Two random variables $X$ and $Y$ are said to be *independent* if for every pair of
$x$ and $y$ values, we have 
\begin{equation*}
    p(x,y)=p_X(x) p_Y(y), \; when\  X \ and \ Y \ are \ discrete
\end{equation*}
or 
\begin{equation*}
    f(x,y)=f_X(x) f_Y(y), \; when\  X \ and \ Y \ are \ continuous.
\end{equation*}
Otherwise, of the above is not satisfied for all $(x,y)$, then $X$ and $Y$ are dependent. 


# More Than Two Random Variables

* $p(x_1,x_2, \ldots, x_n)=P(X_1=x_1, X_2=x_2, \ldots, X_n=x_n)$. 

* $P(a_1 \le X_1 \le b_1, \ldots, a_n \le X_n \le b_n)=\int_{a_1}^{b_1} \ldots \int_{a_n}^{b_n} f(x_1, \ldots, x_n)  dx_1 \ldots d x_n$. 
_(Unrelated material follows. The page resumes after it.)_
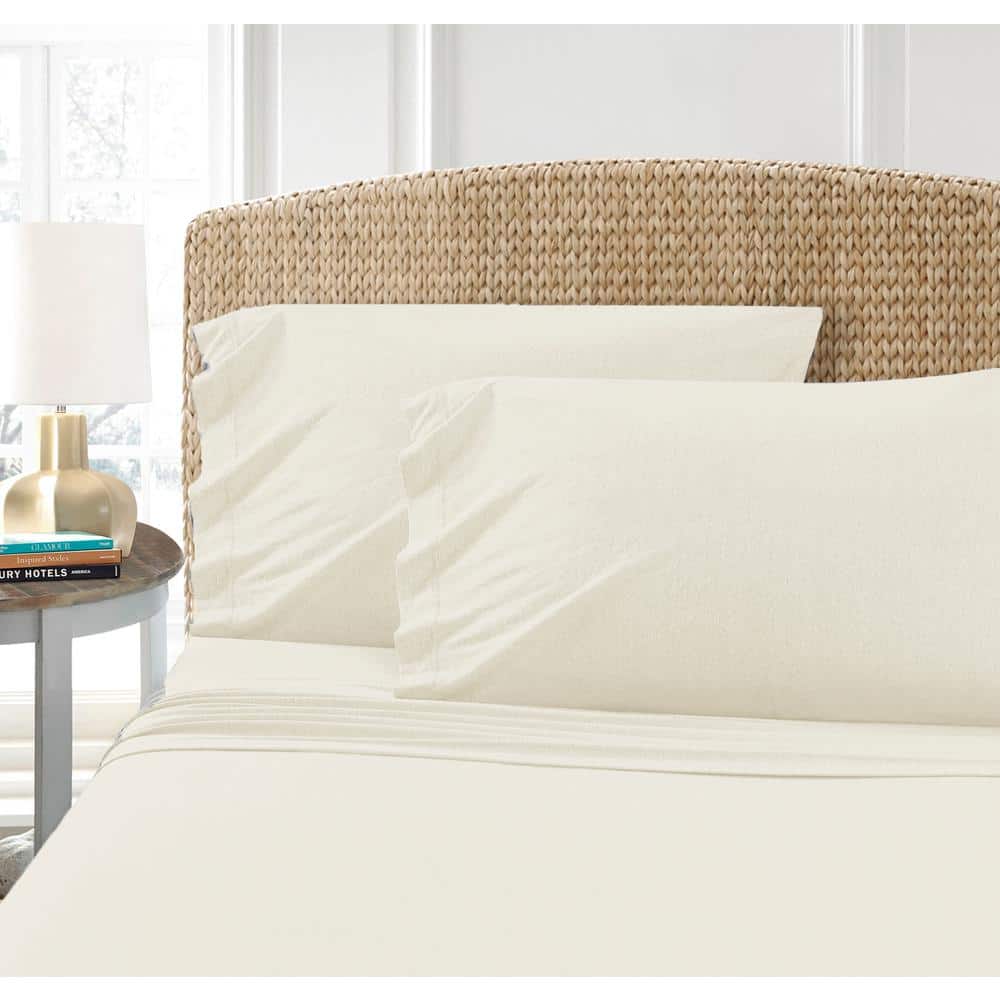 Cotton Blend 4-Piece Queen T-Shirt Jersey Sheet Set, Ivory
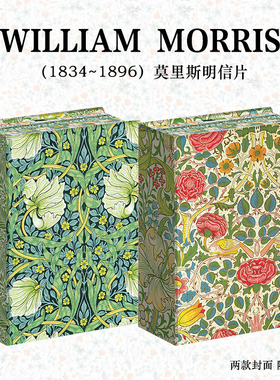 【两款封面随机发一】William Morris 100 postcards 威廉莫里斯明信片100张礼盒装 morris明信片 布料图案植物花纹设计图案明信片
* The random variables $X_1, \ldots, X_n$ are said to be *independent* if for every subset $X_{i_1}, \ldots, X_{i_{k}}$ of the variables (each pair, each triple, etc), the joint pmf or pdf of the subset is equal to the product of the marginakl pmf's or pdf's. 

# Expected Value

\begin{equation*}
    E[h(X,Y)]=\begin{cases}
        \sum_{x} \sum_{y} h(x,y)p(x,y)\\
        \int_{-\infty}^{\infty} \int_{-\infty}^{\infty} h(x,y) f(x,y) dx dy.
    \end{cases}
\end{equation*}

# Covariance 
\begin{equation*}
    Cov(X,Y)=E[(X-\mu_X)(Y-\mu_Y)]=\begin{cases}
        \sum_{x} \sum_{y} (x-\mu_X)(y-\mu_Y)p(x,y)\\
        \int_{-\infty}^{\infty} \int_{-\infty}^{\infty} (x-\mu_X)(y-\mu_Y) f(x,y) dx dy.
    \end{cases}
\end{equation*}

*Note*: $Cov(X,Y)=E(XY)-\mu_X \mu_Y$. 

# Correlation

\begin{equation*}
    Corr(X,Y)=\rho_{X,Y}= \frac{Cov(X,Y)}{\sigma_X \sigma_Y}.
\end{equation*}

* If $a$ and $c$ are either both positive or both negative, $Corr(aX + b, cY + d) = Corr(X, Y)$.
* Fr any two rv's $X$ and $Y$, $-1 \le \rho \le 1$. The two variables are said to be
uncorrelated when $\rho=0$. 
* If $X$ and $Y$ are independent, then $\rho=0$, but $\rho=0$ does not imply
independence.
* $\rho=1$ or $\rho=-1$ iff $Y=aX + b$ for some numbers $a$ and $b$ with $a  \neq 0$.